When I worked at NWA, I had a teammate who came over from UAL in 1989 or so who had worked with their UNIMATIC system since they started writing it back in 1967 (a mix of SLEUTH and ASM assembler and a FORTRAN 66 variant called FIELDATA FORTRAN V). Well, he stayed at NWA and worked on our copy of UNIMATIC (dubbed WorldFlight) until he retired sometime around 1999 or thereabouts. He spent almost 32 years working in the same software environment, and I think he spent almost all of that time in the Weight and Balance application!
Oh, since I've revived an old thread, I should probably say I'm 46 now, and my previous poll answer is now wrong.
(46 would be 56 in octal, or 06566 in the octal representation of FIELDATA)
I'm (I always have to subtract first) 62; we don't have presidents here, but I'm living through my third king.
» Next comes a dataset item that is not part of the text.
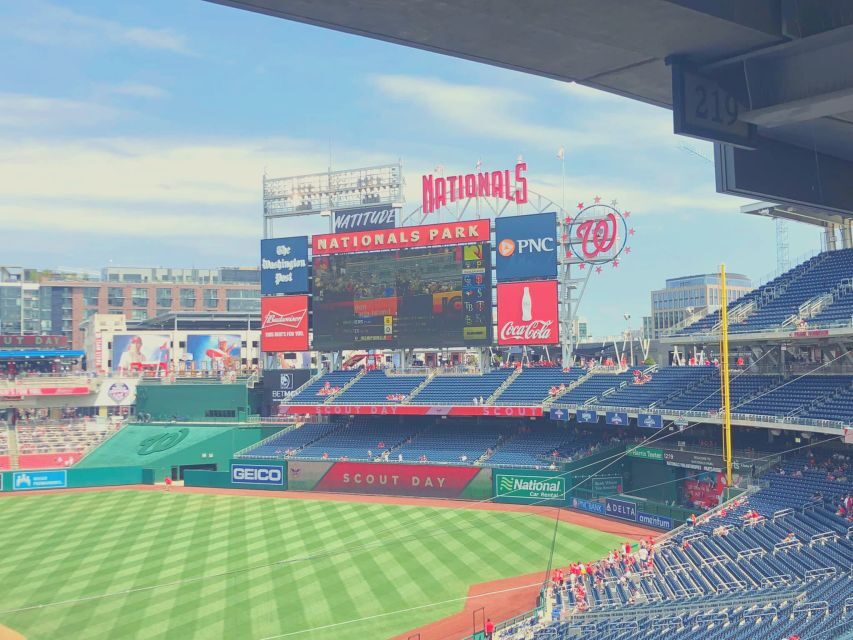 Washington D.C.: Washington Nationals Baseball Game Ticket - Concessions and stadium amenities: what to expect during the game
Remember those PDP-8 and -11 cabinets (in the 70-s)?
CP/M ? The first DOS PC with the 8086 processor at a few MHz?
When RAM was at most 64 Kb (kilobytes)?
And then, at the time of the 16 bit 80386 (EDIT: 32 bit, but most software was still 16 bit), around 1990, came the first ARM (Acorn Risc Machine), a 32 bit RISC processor at 8 (or was it 12) MHz, about as fast as a 16 MHz 80386.
And the Acorn Archimedes ARM-powered computer with RISC OS, a windowing OS with cooperative multitasking, way ahead of Microsoft !
RISC OS allowed dynamic loading of system modules.
Much of RISC OS was written in assembler, so it was fast.
As was the case with many of the applications.
The assembler was well structured, with all instructions 32 bit long and capable of conditional execution, and hence easy to program in.
( RISC OS is still going strong; there are (a bit expensive) computers, and there is an emulator for PCs which is supposed to be rather fast. )
Now, some 15 years later, we have ARMs running at x00 MHz in our tablets, as well as in most(?) handhelds.